Driver Telematics Analysis

Exploration and Analysis of Driver Telematics Analysis Kaggle competition data

Shannon Rush

Competition Summary

The goal of this competition is to identify which driving trips were taken by a unique driver. Each anonymized driver is associated with a set of trips, the majority of which were driven by the driver and the remainder were not.

The Data

The data is provided as CSV files (200 for each driver) and contain X and Y position data for the car, each record representing one second of time. All trips begin at the 0,0 position.

Initial Exploration

First we'll look at one route made by one driver.
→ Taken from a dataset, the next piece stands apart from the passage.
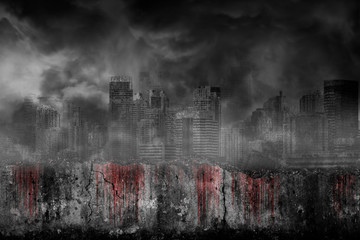 Bloody background scary on damaged grungy crack and broken concrete wall in abandoned large cities...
route1 <- read.csv("data/original/drivers/1/1.csv")
dim(route1)

## [1] 863   2

head(route1)

##      x     y
## 1  0.0   0.0
## 2 18.6 -11.1
## 3 36.1 -21.9
## 4 53.7 -32.6
## 5 70.1 -42.8
## 6 86.5 -52.6

This route lasted 863 seconds and consists of x and y positions as expected. Now we'll roughly plot this single route:

plot(route1)

plot of chunk unnamed-chunk-2

Possible Features

This route travels out from the initial point, backtracks over the exact same route then continues to another destination. Some possible features we could engineer are:

Frequency of stops
Duration of stops
Number of repeated traveling points
- backtracking
Total time traveling
Total time stopped
Total meters traveled

Now let's pretty up this plot...

library(ggplot2)
ggplot(route1, aes(x=x, y=y)) + geom_line(colour=2)

plot of chunk unnamed-chunk-3

add more routes

files <- list.files(path="data/original/drivers/1")
p <- ggplot()
for (file in files) {
    p <- p + geom_path(data=read.csv(paste0("data/original/drivers/1/",file)), aes(x, y), color=unlist(strsplit(file,"[.]"))[1])
}
p

plot of chunk unnamed-chunk-4

The goal is to label each route with a probability between 0 (is a planted false trip) and 1 (driven by associated driver). Two ways to approach this problem are supervised and unsupervised learning techniques.

With supervised learning each driver's associated routes would be labeled as 1 and a random sampling of routes from other drivers would be labeled as 0. A model would be trained using all the drivers iteratively and then the whole dataset would act as the unlabeled data for the submission.

Unsupervised learning would use the entirety of the unlabeled dataset and cluster into driver groups.

Possibly a mixture of the two approaches could be used, with an unsupervised pass of each group giving a better probability rating than a blind 1 or 0 assumption before the supervised pass.

With any approach feature engineering will be the key to this problem. What are the variables that tell us how to identify an individual's driving habits?

Approach 1: Basic Supervision

Non-sophisticated labeling
Features:
- Stop Frequencies
- Average Stop Duration
- Total Time Stopped
- Total Time Traveling
- Total Trip Time
- Average Travel Speed
- Total Distance Traveled
- Max Distance From Start Point
- Trip Similarity To Other Trips By Driver